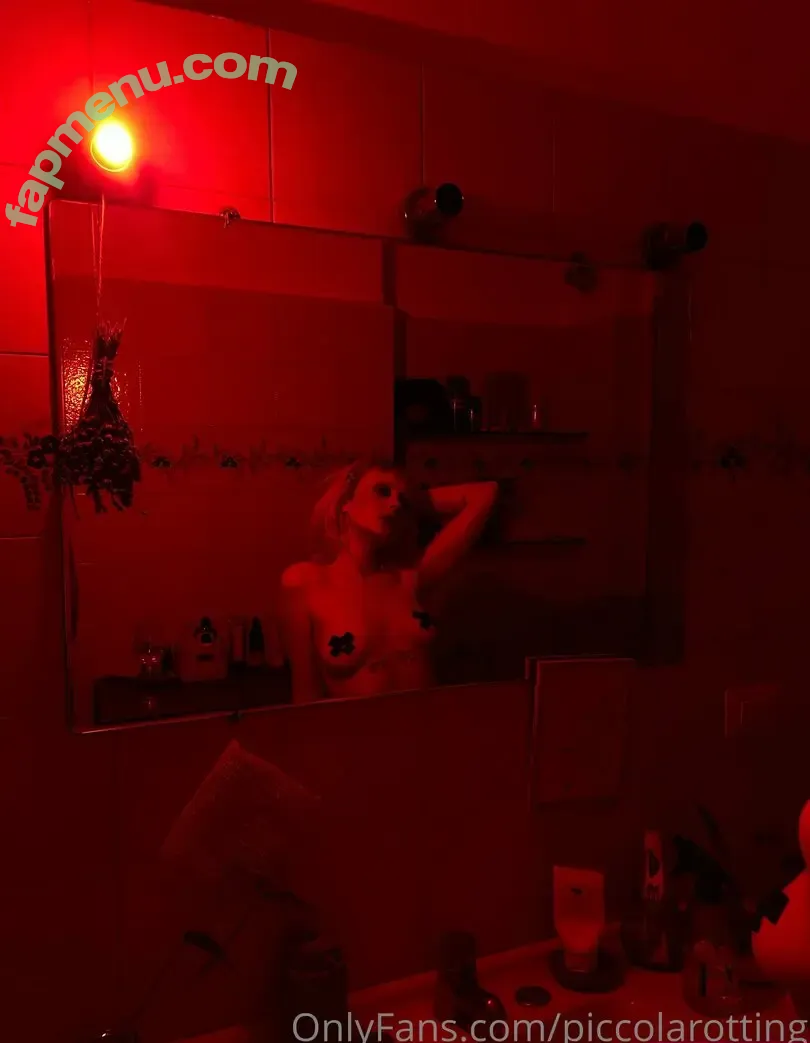 piccolarotting nude photo #0001 (piccolarotting)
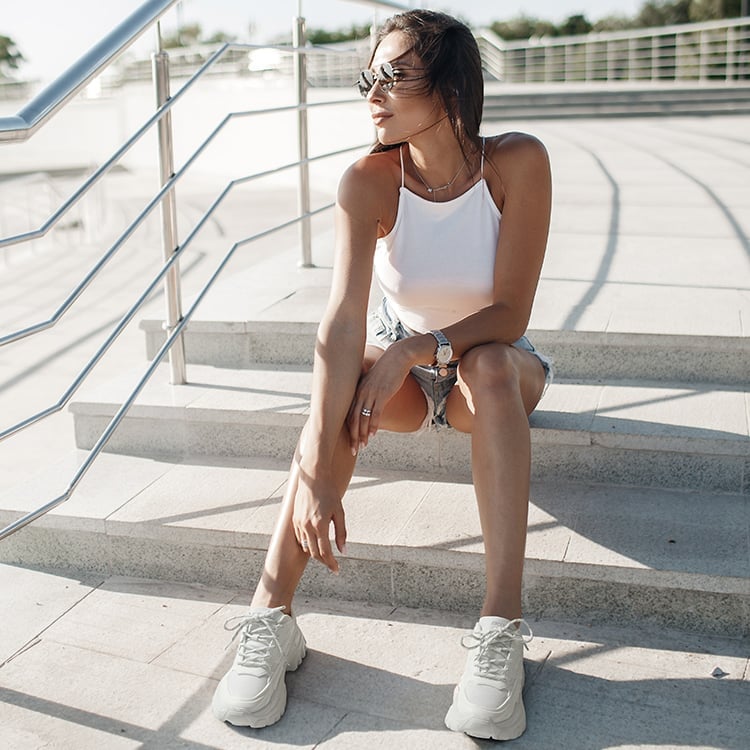 White Chunky Sneakers With Denim Shorts and Tank Top White Chunky Sneakers With Denim Shorts and Tank Top — Trendy White Sneakers Outfits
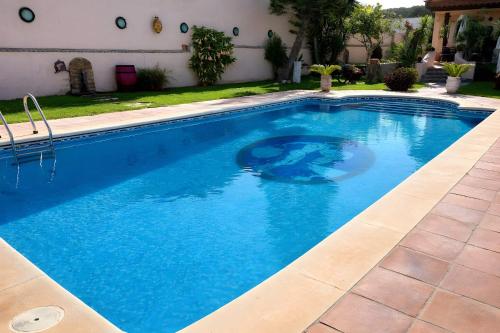 Casa con jardin y piscina WiFi y aire acondicionado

• _What needs to be done_:
Leaving out all pictures, retype exactly the lines that run from the one containing "White Chunky Sneakers With Denim Shorts and Tank Top White" through the last line of the material.

• _Reply_:
 White Chunky Sneakers With Denim Shorts and Tank Top White Chunky Sneakers With Denim Shorts and Tank Top — Trendy White Sneakers Outfits
 Casa con jardin y piscina WiFi y aire acondicionado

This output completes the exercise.